Filton, just outside Bristol, is where Britain's fleet of Concorde supersonic airliner was built. In a building near a wind tunnel on the same sprawling site, something even more remarkable is being created. Little by little a machine is ゛printing゛ a complex titanium landing-gear bracket, about the size of a shoe, which normally would have to be laboriously hewn from a solid block of metal. Brackets are only the beginning. The researchers at Filton have a much bigger ambition: to print the entire wing of an airliner.
Engineers and designers have been using 3D printers for more than a decade, but mostly to make prototypes quickly and cheaply before they embark on the expensive business of tooling up a factory to produce the real thing. As 3D printers have become more capable and able to work with broader range of materials, including production-grade plastics and metals, the machines are increasingly being used to make final products too. More than 20% of the output of 3D printers is now final product rather than prototypes, according to Terry Wohlers, who runs a research firm specialising in the field.

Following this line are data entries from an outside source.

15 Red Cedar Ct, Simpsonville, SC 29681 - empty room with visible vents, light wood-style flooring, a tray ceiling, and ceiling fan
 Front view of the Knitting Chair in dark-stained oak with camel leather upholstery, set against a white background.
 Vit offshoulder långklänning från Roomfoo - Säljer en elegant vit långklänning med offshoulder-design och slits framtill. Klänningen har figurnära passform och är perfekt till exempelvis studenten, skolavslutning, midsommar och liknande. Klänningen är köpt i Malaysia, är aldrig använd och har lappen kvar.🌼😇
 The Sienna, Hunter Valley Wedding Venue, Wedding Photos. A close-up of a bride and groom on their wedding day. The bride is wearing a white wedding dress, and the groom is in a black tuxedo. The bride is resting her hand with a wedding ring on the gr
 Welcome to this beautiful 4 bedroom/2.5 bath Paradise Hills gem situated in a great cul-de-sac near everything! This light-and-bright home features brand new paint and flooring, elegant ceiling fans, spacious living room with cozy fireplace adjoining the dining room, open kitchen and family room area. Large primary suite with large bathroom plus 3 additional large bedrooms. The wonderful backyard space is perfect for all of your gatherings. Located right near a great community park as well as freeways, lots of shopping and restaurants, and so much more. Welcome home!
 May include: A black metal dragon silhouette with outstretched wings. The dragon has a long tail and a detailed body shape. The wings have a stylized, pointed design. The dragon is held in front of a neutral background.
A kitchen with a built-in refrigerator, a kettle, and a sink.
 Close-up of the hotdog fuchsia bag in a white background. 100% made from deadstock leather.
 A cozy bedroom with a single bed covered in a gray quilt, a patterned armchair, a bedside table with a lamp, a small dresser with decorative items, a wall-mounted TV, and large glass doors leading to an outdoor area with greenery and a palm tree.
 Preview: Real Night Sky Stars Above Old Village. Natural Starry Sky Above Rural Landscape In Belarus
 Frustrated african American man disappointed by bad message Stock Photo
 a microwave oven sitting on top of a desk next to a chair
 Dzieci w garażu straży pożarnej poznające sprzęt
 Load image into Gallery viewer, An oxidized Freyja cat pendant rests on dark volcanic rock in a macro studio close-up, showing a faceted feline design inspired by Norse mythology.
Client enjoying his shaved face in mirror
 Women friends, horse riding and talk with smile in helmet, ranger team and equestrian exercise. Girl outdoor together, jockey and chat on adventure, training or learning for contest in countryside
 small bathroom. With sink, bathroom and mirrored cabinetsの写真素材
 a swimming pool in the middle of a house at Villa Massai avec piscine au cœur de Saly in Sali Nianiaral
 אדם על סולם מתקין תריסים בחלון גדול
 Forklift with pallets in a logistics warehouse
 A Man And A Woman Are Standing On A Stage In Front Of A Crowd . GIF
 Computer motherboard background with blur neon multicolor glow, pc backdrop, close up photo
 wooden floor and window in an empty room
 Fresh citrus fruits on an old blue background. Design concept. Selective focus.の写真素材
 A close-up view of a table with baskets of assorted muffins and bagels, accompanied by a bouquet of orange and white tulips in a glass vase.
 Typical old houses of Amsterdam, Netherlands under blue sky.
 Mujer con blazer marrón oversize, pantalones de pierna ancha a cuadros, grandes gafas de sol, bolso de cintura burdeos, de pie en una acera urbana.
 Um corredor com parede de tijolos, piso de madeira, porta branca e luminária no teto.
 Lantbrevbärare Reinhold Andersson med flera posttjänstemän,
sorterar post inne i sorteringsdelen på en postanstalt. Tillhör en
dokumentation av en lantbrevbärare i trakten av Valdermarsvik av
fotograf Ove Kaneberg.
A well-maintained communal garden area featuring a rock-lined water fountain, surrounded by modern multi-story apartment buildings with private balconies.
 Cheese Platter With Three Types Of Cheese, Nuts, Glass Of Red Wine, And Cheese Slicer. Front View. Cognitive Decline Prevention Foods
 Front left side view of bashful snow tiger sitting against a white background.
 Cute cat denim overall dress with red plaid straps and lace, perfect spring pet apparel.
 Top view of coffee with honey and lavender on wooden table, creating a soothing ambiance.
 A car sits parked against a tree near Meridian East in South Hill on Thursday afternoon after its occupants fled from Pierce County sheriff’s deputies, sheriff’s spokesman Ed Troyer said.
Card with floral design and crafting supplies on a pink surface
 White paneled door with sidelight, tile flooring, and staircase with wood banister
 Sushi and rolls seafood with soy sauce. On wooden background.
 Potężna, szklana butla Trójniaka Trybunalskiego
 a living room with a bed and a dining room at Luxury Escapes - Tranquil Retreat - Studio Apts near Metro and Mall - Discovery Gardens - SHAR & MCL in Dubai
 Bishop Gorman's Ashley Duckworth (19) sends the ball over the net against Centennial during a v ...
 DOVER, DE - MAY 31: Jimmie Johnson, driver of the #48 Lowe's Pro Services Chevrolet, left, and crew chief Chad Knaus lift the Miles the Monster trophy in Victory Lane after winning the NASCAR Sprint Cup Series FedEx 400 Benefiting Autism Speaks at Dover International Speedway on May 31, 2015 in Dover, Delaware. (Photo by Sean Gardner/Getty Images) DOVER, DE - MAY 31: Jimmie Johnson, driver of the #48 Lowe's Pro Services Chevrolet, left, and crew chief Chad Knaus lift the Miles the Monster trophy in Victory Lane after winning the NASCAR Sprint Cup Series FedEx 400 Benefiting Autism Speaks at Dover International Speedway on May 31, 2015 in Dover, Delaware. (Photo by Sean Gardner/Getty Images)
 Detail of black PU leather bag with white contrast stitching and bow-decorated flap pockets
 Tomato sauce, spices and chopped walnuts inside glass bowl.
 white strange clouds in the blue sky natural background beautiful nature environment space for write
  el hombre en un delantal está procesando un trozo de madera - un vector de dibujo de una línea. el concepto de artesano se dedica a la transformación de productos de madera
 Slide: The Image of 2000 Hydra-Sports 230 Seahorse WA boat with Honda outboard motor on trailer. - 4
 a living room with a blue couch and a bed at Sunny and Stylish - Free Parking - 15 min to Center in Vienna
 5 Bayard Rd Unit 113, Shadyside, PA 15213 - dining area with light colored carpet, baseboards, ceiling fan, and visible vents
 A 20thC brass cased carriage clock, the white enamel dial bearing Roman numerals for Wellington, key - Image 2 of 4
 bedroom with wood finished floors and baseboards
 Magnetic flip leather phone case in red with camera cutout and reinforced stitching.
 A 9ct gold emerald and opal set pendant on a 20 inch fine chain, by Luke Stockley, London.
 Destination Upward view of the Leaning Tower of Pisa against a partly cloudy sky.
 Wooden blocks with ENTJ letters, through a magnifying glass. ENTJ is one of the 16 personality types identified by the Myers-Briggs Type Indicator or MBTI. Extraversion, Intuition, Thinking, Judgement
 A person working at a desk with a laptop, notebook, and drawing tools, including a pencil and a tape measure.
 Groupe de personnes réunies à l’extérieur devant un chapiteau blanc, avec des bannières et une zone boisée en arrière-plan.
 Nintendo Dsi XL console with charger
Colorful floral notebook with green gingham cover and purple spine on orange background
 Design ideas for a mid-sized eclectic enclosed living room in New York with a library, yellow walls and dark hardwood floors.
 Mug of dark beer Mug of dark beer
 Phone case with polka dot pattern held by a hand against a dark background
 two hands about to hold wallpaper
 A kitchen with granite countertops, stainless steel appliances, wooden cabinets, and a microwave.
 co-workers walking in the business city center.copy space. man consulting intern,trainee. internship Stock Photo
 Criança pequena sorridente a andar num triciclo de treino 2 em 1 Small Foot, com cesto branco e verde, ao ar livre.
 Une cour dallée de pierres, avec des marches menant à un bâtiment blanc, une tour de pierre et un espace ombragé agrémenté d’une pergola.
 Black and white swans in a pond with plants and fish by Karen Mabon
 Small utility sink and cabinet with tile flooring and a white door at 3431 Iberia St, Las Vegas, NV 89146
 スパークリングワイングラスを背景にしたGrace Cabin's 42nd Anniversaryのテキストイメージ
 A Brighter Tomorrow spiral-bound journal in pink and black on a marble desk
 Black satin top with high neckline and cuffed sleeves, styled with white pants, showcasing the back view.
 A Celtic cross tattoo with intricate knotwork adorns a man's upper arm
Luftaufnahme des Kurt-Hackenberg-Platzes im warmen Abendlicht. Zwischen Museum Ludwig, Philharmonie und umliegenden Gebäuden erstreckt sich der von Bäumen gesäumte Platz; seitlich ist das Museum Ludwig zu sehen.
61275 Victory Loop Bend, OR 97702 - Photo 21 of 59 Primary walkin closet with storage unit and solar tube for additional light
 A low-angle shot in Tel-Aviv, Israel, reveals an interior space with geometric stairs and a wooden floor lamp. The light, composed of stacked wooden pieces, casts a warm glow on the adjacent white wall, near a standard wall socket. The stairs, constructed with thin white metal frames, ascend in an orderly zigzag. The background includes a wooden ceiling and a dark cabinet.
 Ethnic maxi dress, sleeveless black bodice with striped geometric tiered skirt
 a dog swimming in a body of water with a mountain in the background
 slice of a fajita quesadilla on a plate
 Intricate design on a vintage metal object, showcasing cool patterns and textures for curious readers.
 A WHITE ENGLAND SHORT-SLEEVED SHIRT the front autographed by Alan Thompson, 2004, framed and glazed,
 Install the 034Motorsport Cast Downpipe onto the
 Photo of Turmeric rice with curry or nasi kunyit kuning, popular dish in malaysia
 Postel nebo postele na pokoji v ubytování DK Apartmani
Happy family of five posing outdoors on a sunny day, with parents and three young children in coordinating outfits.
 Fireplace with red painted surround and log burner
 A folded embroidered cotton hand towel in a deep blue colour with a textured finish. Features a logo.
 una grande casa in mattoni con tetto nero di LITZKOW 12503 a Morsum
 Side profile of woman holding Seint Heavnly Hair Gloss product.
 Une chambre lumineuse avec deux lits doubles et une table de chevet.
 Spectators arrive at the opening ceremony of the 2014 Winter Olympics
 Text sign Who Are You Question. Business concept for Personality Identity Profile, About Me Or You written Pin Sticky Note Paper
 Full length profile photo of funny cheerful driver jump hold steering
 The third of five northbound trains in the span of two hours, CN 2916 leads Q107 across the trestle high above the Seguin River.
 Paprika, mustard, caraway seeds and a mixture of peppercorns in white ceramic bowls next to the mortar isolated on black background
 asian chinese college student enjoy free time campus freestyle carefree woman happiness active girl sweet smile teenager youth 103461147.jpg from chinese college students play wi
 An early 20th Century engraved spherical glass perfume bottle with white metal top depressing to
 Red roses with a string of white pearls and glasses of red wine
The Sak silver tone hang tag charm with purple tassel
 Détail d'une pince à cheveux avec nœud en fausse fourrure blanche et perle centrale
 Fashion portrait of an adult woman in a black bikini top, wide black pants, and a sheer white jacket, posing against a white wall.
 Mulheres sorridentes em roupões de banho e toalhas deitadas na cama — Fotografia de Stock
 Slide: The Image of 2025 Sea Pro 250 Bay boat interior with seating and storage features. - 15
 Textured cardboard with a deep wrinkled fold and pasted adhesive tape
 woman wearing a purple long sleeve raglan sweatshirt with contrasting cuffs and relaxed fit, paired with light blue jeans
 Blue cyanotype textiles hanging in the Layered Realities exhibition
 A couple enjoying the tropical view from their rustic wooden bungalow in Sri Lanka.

He predicts that this will rise to 50% by 2020.
Using 3D printer as production tools has become known in industry as ゛additive゛ manufacturing (as opposed to the old, ゛subtractive゛business of cutting, drilling and bashing metal). The additive process requires less raw material and, because software drives 3D printers, each item can be made differently without costly retooling. The printers can also produce ready-made objects that require less assembly and things that traditional methods would struggle with - such as the glove pictured above, made by Within Technologies, a London company. It can be printed in nylon, stainless or titanium.
The printing of parts and products has the potential to transform manufaturing because it lowers the costs and risks. No longer does a producer have to make thousands, or hundreds o thousands, of items to recover his fixed costs. In a world where economies of scale do not matter any more, mass-manufacturing identical items may not be necessary or appropriate, especially as 3D printing allows for a great deal of customisation. Indeed, in the future some see consumers downloading products as they do digital music and printing them out at home, or at a local 3D production centre, having tweaked the designs to their own tastes. That is probably a faraway dream. Nevertheless, a new industrial revolution may be on the way.